Usernames are the unique element in terms of registration. They are always lower-case in order to avoid similarly named users. Avoiding phone and/or emails for this allows the users to change them easily.
Passwords are hashed:
- Using the PBKDF2 key derivation function
- Using the SHA-512 hash function
- Doing 1 000 000 iterations
- Using a 16-byte cryptographically strong salt
- Creating a 16-byte password hash
- The specific algorithms and/or numbers could be evolved which is supported by a version token stored alongside the salt and the password hash
- Another improvement would be to use pepper which would make the solution too complicated for now
When creating a session each user is provided:
- A client ID which is used to distinguish between the same user logged in different clients (e.g. mobile and browser)
- A JWT access token containing the necessary claims (e.g. user ID, user name, client ID, role) and an appropriate expiration
- The user full profile in order to allow managing it
- The address of the messaging server to use in order to send messages, react etc.
The profile gets created during registration and is returned when creating a new session. Profile management includes:
- Changing the password
- Editing the trivial properties (e.g. display name)
- Support for changing avatar would be added when uploading an avatar image gets implemented
- Support for changing the phone and the email would require confirmation and would be added subsequently
The issue of lost updates is considered in the implementation. This occurs when the same user authenticates from 2 different clients and tries to concurrently update his/hers profile. Optimistic concurrency is applied using a separate version column, a date-time value which gets updated on each profile change.
Searching for users by name supports specifying a desired part of the user name, such as mar, which would return all public profiles for user with user names like maria, martin, marvel etc. The implementation relies on PostgreSQL full-text search capabilities implemented with pg_trgm extension which creates and updates an index using trigrams. Such an index supports not just prefixes and suffixes but SQL queries LIKE '%mar%' with good performance. In order to avoid overloading the database a minimum pattern length of 3 is required and search results are cached as well. The number of public profiles returned is limited to a value from the dynamic configuration in order to avoid returning an excessive amount of data when common names match the pattern.
Public profiles are obtained by the clients when opening all chats and a single chat. Since the public profile data doesn't change frequently, calling the User database is avoided if the requested public profiles are already in a User cache. This reduces latency and also reduces the load on the User database. The profile entries are added for a certain amount of time, after which they expire.
Connections are obtained by the clients when opening all chats and a single chat. Since connection data doesn't change frequently, calling the User database is avoided if the user connections are already in a User cache. This reduces latency and also the load on the User database. The connections for a user are added for a certain amount of time, after which they expire.
Connections can be created and managed using the following actions - invite/accept/cancel/remove. For each valid and successful action there is a notification for the initiating and targeted users for all their connected clients. Cache is not updated so if a notification is lost the connection data cached would not be up-to-date. Considering the reduced usage of this feature and the low likelihood for a notification to get lost, that's an acceptable compromise for now.

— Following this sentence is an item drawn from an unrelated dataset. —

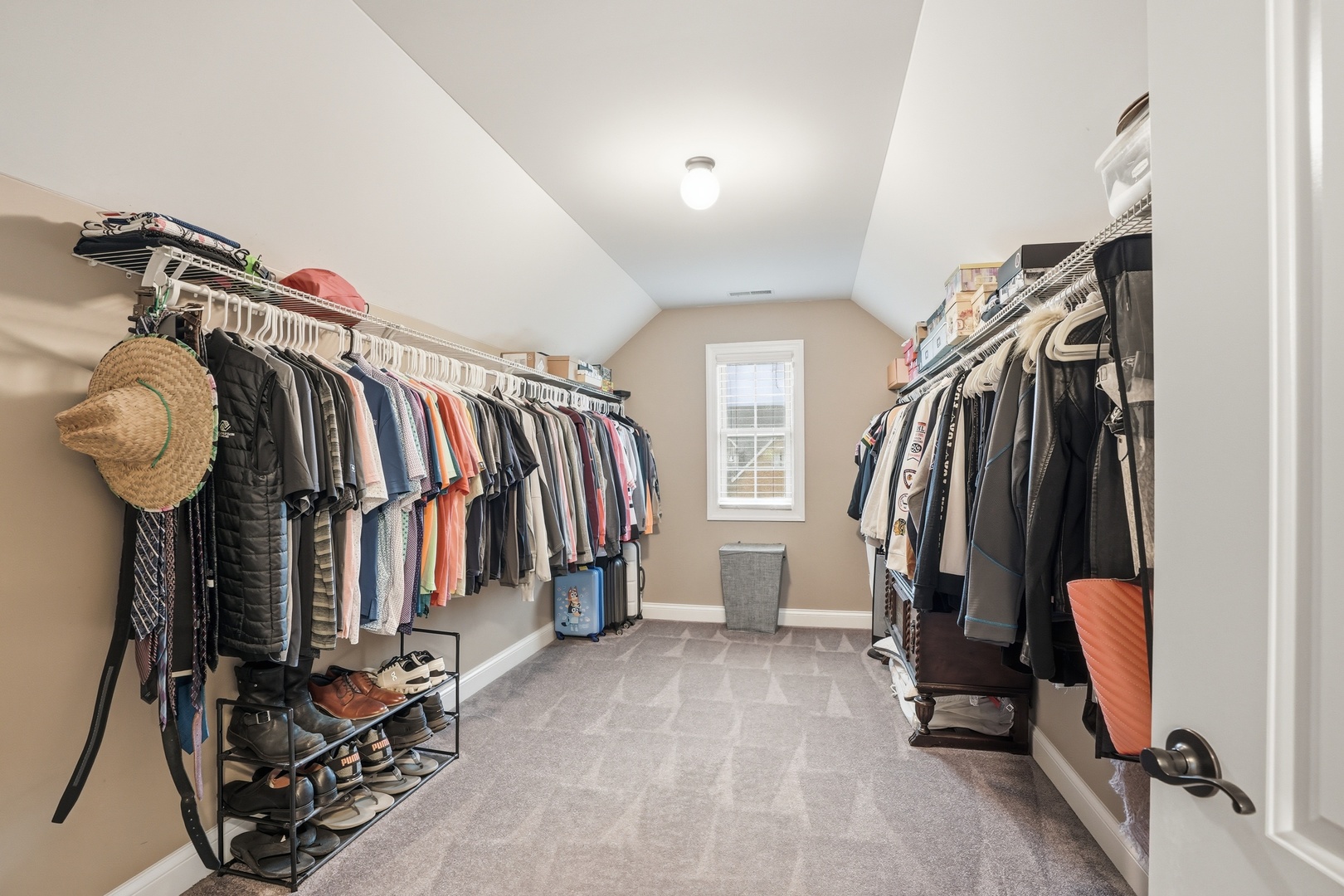 12794 Connecticut Street, Crown Point, IN 46307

User files are uploaded to and downloaded from a dedicated file storage. They cannot be edited and are immutable. File limitations enforced include size of up to 512KB. File download access is controlled by dedicated object tags - users which includes user IDs and groups which includes group names. Files are stored in separate buckets for each day. Within each bucket there is a folder for the specific user. This allows for grouping files primarily by time, not by user, resulting into more predictable bucket sizes.
The user-file association is stored in a dedicated table in the User DB. It stores the bucket name and path which link to the file storage. Associations are queried using a timestamp - all user files newer than a specific date. Since associations are immutable and because of the ability to query them via a timestamp, dedicated cache is not needed. Clients initially load the full list of files for the current user and subsequently request only the newer ones.